Press engagement has become rare in the Defense Department under the current administration, however. At the time of Bolton’s email, it had been more than 11 months since an official Pentagon spokesperson conducted an on-camera briefing; today makes it a full year. Off-camera briefings, meanwhile, and less formal “gaggles” (which can be on or off the record) have decreased in both frequency and utility, according to multiple members of the Pentagon press corps—representing both mainstream and niche national security outlets—who spoke with CJR.

Reporters, naturally, have bucked at the trend. Former DoD officials are also speaking out—in op-eds and on social media—with warnings that the flagging relations between the DoD and the press damage the agency’s credibility and sow confusion in the public sphere. “It’s a failure of duty at this point,” Brent Colburn, a former Assistant to the Secretary of Defense for Public Affairs, tells CJR. “Briefings aren’t just a nice-to-do. The military is an incredible organization with incredible capabilities that has a responsibility to keep the public informed about what it’s doing on behalf of the American people and why. But that’s just not happening.”
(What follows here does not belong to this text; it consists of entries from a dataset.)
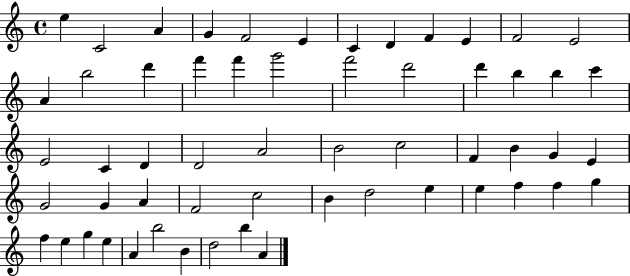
{
  \clef treble
  \time 4/4
  \defaultTimeSignature
  \key c \major
  e''4 c'2 a'4 | g'4 f'2 e'4 | c'4 d'4 f'4 e'4 | f'2 e'2 | \break a'4 b''2 d'''4 | f'''4 f'''4 g'''2 | f'''2 d'''2 | d'''4 b''4 b''4 c'''4 | \break e'2 c'4 d'4 | d'2 a'2 | b'2 c''2 | f'4 b'4 g'4 e'4 | \break g'2 g'4 a'4 | f'2 c''2 | b'4 d''2 e''4 | e''4 f''4 f''4 g''4 | \break f''4 e''4 g''4 e''4 | a'4 b''2 b'4 | d''2 b''4 a'4 | \bar "|."
}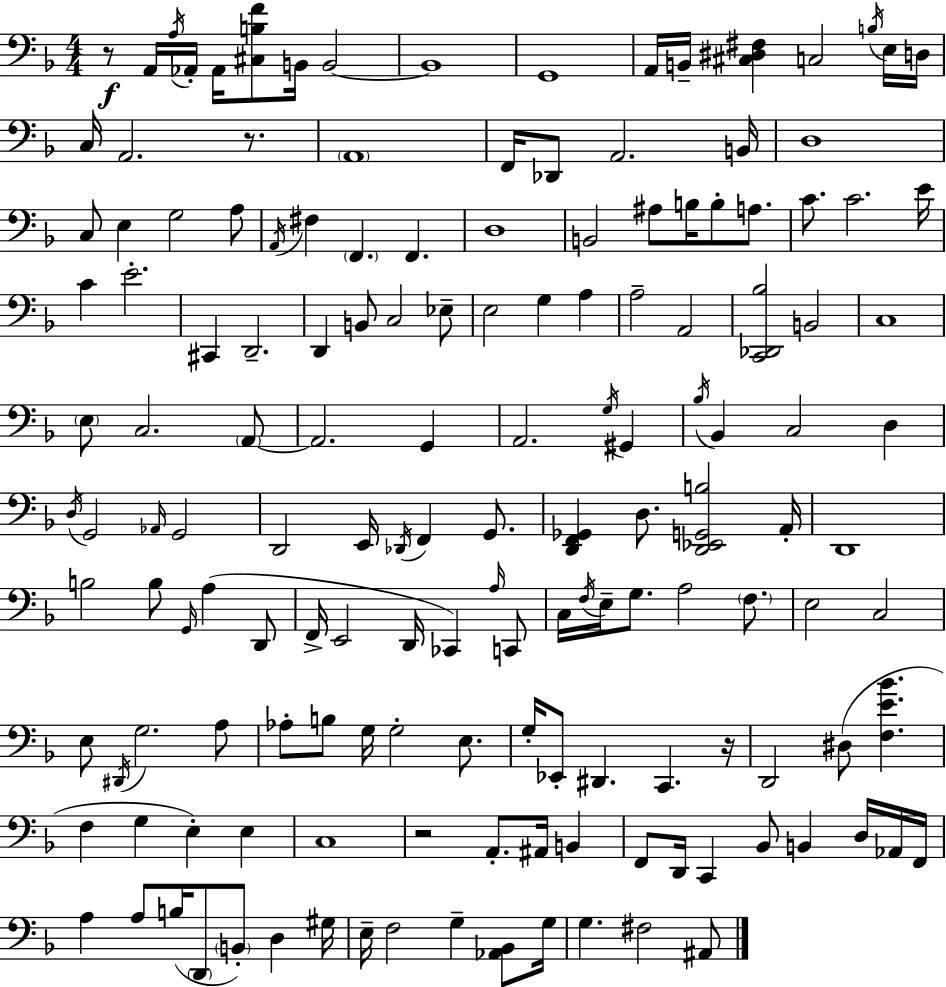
X:1
T:Untitled
M:4/4
L:1/4
K:F
z/2 A,,/4 A,/4 _A,,/4 _A,,/4 [^C,B,F]/2 B,,/4 B,,2 B,,4 G,,4 A,,/4 B,,/4 [^C,^D,^F,] C,2 B,/4 E,/4 D,/4 C,/4 A,,2 z/2 A,,4 F,,/4 _D,,/2 A,,2 B,,/4 D,4 C,/2 E, G,2 A,/2 A,,/4 ^F, F,, F,, D,4 B,,2 ^A,/2 B,/4 B,/2 A,/2 C/2 C2 E/4 C E2 ^C,, D,,2 D,, B,,/2 C,2 _E,/2 E,2 G, A, A,2 A,,2 [C,,_D,,_B,]2 B,,2 C,4 E,/2 C,2 A,,/2 A,,2 G,, A,,2 G,/4 ^G,, _B,/4 _B,, C,2 D, D,/4 G,,2 _A,,/4 G,,2 D,,2 E,,/4 _D,,/4 F,, G,,/2 [D,,F,,_G,,] D,/2 [D,,_E,,G,,B,]2 A,,/4 D,,4 B,2 B,/2 G,,/4 A, D,,/2 F,,/4 E,,2 D,,/4 _C,, A,/4 C,,/2 C,/4 F,/4 E,/4 G,/2 A,2 F,/2 E,2 C,2 E,/2 ^D,,/4 G,2 A,/2 _A,/2 B,/2 G,/4 G,2 E,/2 G,/4 _E,,/2 ^D,, C,, z/4 D,,2 ^D,/2 [F,E_B] F, G, E, E, C,4 z2 A,,/2 ^A,,/4 B,, F,,/2 D,,/4 C,, _B,,/2 B,, D,/4 _A,,/4 F,,/4 A, A,/2 B,/4 D,,/2 B,,/2 D, ^G,/4 E,/4 F,2 G, [_A,,_B,,]/2 G,/4 G, ^F,2 ^A,,/2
It’s not just present tensions with Iran. Former officials, who served under Republican and Democrat administrations, say they have repeatedly watched with dismay as current officials have responded haltingly and apparently struggled to find a coordinated message amid major defense and national security stories: the announced withdraw of US troops from Syria, which led to the resignation of former Secretary of Defense Jim Mattis last December, only to be partially walked back in the months that followed; the reversal on the military’s policy towards transgender servicemembers; and the deployment of troops to the US-Mexico border which began last fall—all these could have been handled better, they say.

Colburn, who served in the Pentagon between 2014 and 2015, says that on-camera briefings were typically held twice weekly during his tenure, while off-camera briefings and gaggles occurred daily. Members of the press also had walk-in privileges for his and then-Pentagon spokesman Rear Admiral John Kirby’s offices. “I can’t imagine a day when I walked by [Kirby’s] office and he wasn’t in there with a reporter,” Colburn says. The frequent interaction served a necessary good, he explains, in that the DoD was more likely to get its message across clearly and that reporters’ stories were more likely to be accurate.

Sign up for CJR’s daily email

David Lapan, a retired Marine colonel who served as a spokesman in the Pentagon under the Clinton, Bush, and Obama administrations, agrees that daily interaction with reporters is a must. “I always told folks, ‘If we don’t tell our own story, somebody else is going to,’” says Lapan. “The idea that, ‘Oh, I’m just going to talk less to reporters,’ doesn’t make a story go away.”  Lapan strived to provide as much information to reporters as possible, he says, but when it came to times he could not—in the case of classified information, for instance—or when he needed to implore an outlet to halt or delay publication of a story—when information might put troops at risk—he found the trust he had built with reporters essential. “If I’m not coming to you regularly with reliable information—if I don’t allow follow-ups, if there’s no avenue to push back against what I’m saying—how can you take my word for it when I do need you to accept what I’m saying at face value?” Lapan says.

Early in the Trump administration, conventional wisdom said that Mattis had adopted a cool public posture to avoid getting the military, which is historically apolitical, caught up in irascible and hyperpartisan proclamations from the White House. Critics, however, say he and top military brass ducked their heads too far. The DoD press office did not respond to a request for comment from CJR.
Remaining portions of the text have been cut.